Over these many years, in numerous MMOs, I've observed more exploits than I could hope to remember. I can, however, very clearly remember those in which I have participated. There are two reasons for that: firstly, I very, very rarely indulge in "exploits" and secondly, when I do I always feel I've done something naughty and doing something naughty is always a memorable experience.

A strange thing has happened to me over time: I have become increasingly less likely to take advantage of a glitch in the game to accrue personal benefit at the same time as I have become less concerned about doing so. The less likely I am to do it myself, in other words, the less I care whether other people do it.


In part this derives from my increasingly convinced belief that, outside of formal PvP or organized PvE competitions, MMO design and MMO developers should in no way encourage or endorse any form of competitive activity between players. Competition and comparison with other players has and should have absolutely no role in the leveling aspect of the games, which I love so much.

With almost all character progression in almost all MMOs now being tied directly either to solo play or to group play that takes place in instances I can't see it as any valid concern of any other player what goes on in another player's or group of players' play sessions.

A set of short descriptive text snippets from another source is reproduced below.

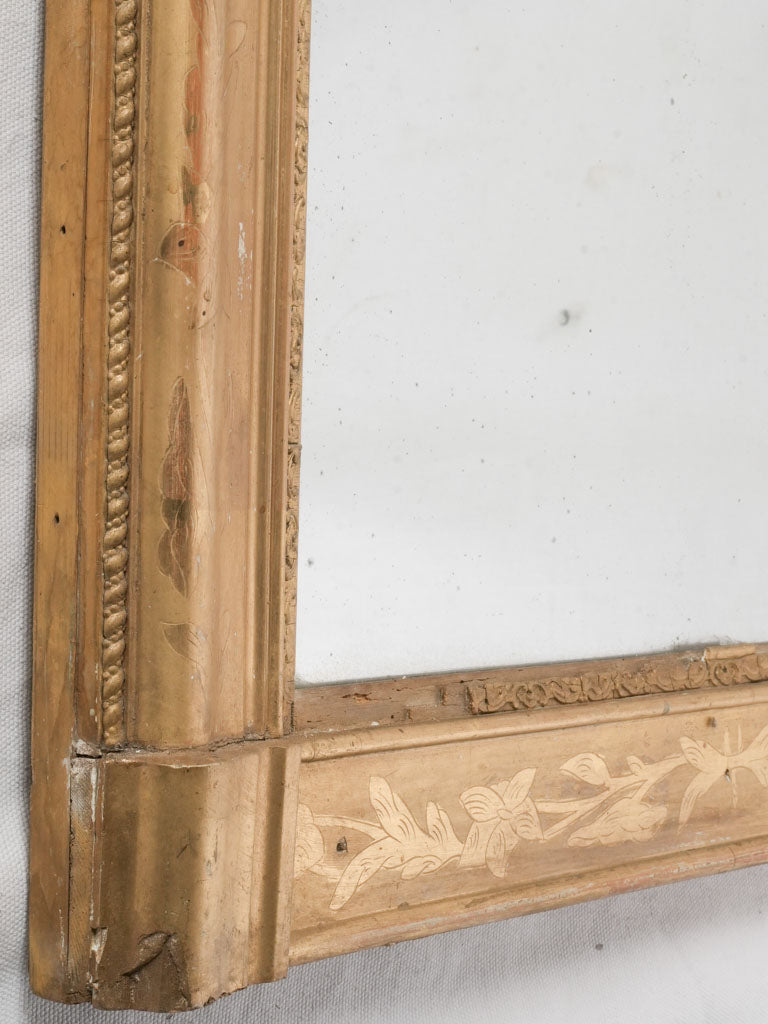 Beautiful Louis-Philippe Narrow Overmantel Mirror in Gilded Wood - 47¾" x  24¾"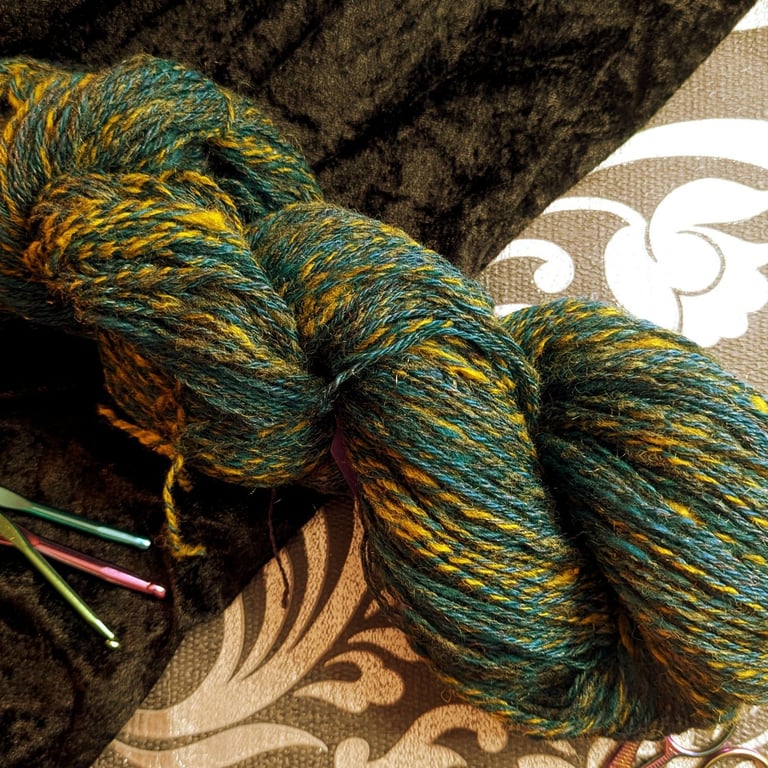 Emeralds and Peacocks hand spun yarn – wool and nylon blend - 350 yards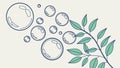 Soap Bubbles with Green Leaves, Whimsical Nature Vector, vector design Generative AI Royalty Free Stock Photo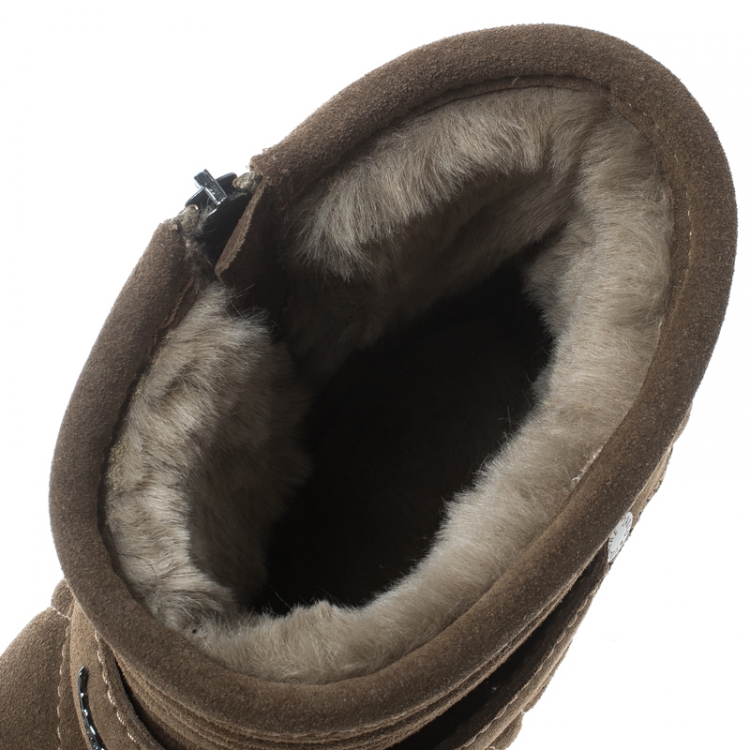 Pre Owned Zadig and Voltaire Khaki Green Quilted Suede Suuns Faux Fur Lined Ankle Boots Size 40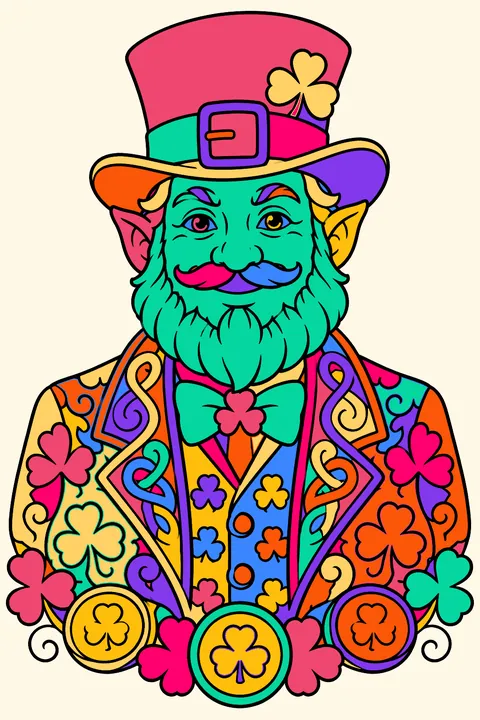 Ornate leprechaun portrait with patterned coat, shamrock lace and coin border coloring page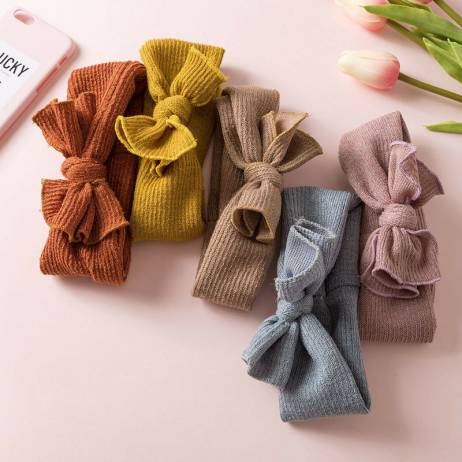 Cute Baby Girl Headbands Knitted Newborn Baby Bows Knitted Turban Infant Headband Warm Hairbands Headwrap Kids Hair Accessories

This, I appreciate, puts me in a minority position that derives from the solipsistic outlook on life I've had since my teens. I am, simply, not competitive at all in most aspects of my life. I don't benchmark my progress by the progress of others but by standards I set for myself. When it comes to leveling characters in MMOs it means any "Win" conditions are in my head and my head alone.

I began this piece by observing that the topic is far too extensive, nuanced and ruminative to fit a quick blog post so rather than even attempt to fit an ocean into a wine glass I'll leave things here, scarcely reviewed let alone resolved.

One thing I do know for sure. Exploits are going to be with us as long as we have MMOs and no consensus on how they should be handled is ever going to be reached.